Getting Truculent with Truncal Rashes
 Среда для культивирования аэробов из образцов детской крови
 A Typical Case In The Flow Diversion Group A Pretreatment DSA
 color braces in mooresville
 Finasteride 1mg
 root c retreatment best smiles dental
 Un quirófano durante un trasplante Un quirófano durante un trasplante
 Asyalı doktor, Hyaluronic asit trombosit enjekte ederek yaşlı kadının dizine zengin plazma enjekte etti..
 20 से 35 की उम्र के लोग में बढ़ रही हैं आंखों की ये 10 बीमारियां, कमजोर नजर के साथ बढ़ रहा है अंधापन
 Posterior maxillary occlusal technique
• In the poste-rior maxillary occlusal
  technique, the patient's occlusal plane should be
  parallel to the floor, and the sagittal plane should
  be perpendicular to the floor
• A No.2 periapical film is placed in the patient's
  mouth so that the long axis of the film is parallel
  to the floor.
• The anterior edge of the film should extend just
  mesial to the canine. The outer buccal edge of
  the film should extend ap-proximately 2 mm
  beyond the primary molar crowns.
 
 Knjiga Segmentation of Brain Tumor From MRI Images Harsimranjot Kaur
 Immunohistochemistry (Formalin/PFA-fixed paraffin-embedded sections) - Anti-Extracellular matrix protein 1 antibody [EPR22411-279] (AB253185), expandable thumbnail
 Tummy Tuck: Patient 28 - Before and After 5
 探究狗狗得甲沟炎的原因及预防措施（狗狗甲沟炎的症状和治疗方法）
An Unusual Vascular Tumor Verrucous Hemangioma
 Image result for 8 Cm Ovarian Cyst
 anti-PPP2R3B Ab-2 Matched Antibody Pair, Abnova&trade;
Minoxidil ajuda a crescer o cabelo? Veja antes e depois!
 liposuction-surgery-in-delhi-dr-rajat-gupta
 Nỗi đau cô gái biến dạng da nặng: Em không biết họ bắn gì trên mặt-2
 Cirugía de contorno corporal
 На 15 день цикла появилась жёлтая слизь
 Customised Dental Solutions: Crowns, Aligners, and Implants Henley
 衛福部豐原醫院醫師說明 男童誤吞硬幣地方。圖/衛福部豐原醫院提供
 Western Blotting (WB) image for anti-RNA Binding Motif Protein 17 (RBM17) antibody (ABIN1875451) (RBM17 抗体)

### EXERCISE GOAL
Print only the lines that run from the start of the listing to the line bearing "anti-PPP2R3B Ab-2 Matched"; please keep the first line and that last one, exactly as they appear.

### ANSWER TO THIS EXERCISE
Getting Truculent with Truncal Rashes
 Среда для культивирования аэробов из образцов детской крови
 A Typical Case In The Flow Diversion Group A Pretreatment DSA
 color braces in mooresville
 Finasteride 1mg
 root c retreatment best smiles dental
 Un quirófano durante un trasplante Un quirófano durante un trasplante
 Asyalı doktor, Hyaluronic asit trombosit enjekte ederek yaşlı kadının dizine zengin plazma enjekte etti..
 20 से 35 की उम्र के लोग में बढ़ रही हैं आंखों की ये 10 बीमारियां, कमजोर नजर के साथ बढ़ रहा है अंधापन
 Posterior maxillary occlusal technique
• In the poste-rior maxillary occlusal
  technique, the patient's occlusal plane should be
  parallel to the floor, and the sagittal plane should
  be perpendicular to the floor
• A No.2 periapical film is placed in the patient's
  mouth so that the long axis of the film is parallel
  to the floor.
• The anterior edge of the film should extend just
  mesial to the canine. The outer buccal edge of
  the film should extend ap-proximately 2 mm
  beyond the primary molar crowns.
 
 Knjiga Segmentation of Brain Tumor From MRI Images Harsimranjot Kaur
 Immunohistochemistry (Formalin/PFA-fixed paraffin-embedded sections) - Anti-Extracellular matrix protein 1 antibody [EPR22411-279] (AB253185), expandable thumbnail
 Tummy Tuck: Patient 28 - Before and After 5
 探究狗狗得甲沟炎的原因及预防措施（狗狗甲沟炎的症状和治疗方法）
An Unusual Vascular Tumor Verrucous Hemangioma
 Image result for 8 Cm Ovarian Cyst
 anti-PPP2R3B Ab-2 Matched Antibody Pair, Abnova&trade;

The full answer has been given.